## [Data]
= Beginning of Section =
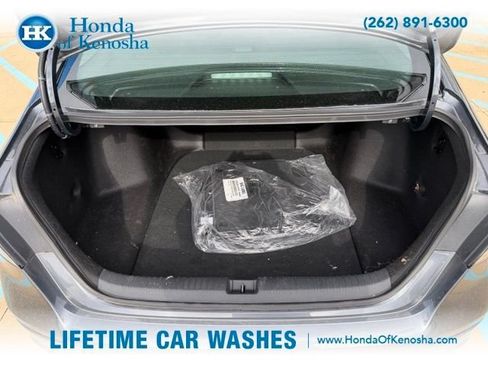 Used 2024 Honda Accord EX image 10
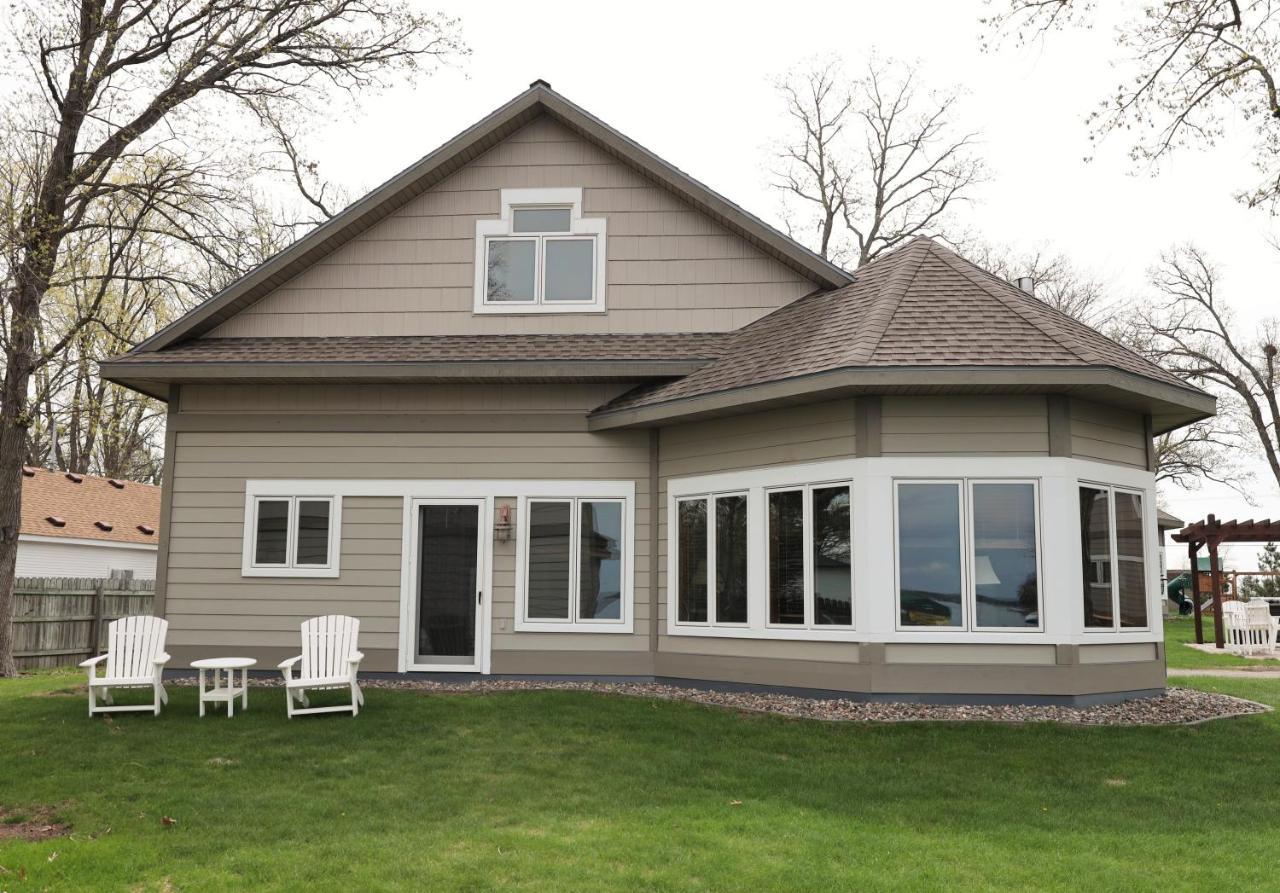 Bay Colony 775 Villa Nisswa Exterior photo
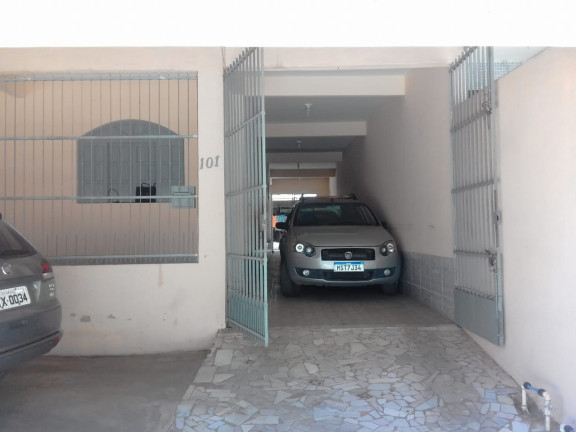 Imagem Imóvel com 3 Quartos à Venda, 100 m² em Jardim América - Cariacica Imagem Imóvel com 3 Quartos à Venda, 100 m² em Jardim América - Cariacica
= End of Section =
## [Prompt]
Omit the pictures and repeat the rest of the listing verbatim.

## [Output]
 Used 2024 Honda Accord EX image 10
 Bay Colony 775 Villa Nisswa Exterior photo
 Imagem Imóvel com 3 Quartos à Venda, 100 m² em Jardim América - Cariacica Imagem Imóvel com 3 Quartos à Venda, 100 m² em Jardim América - Cariacica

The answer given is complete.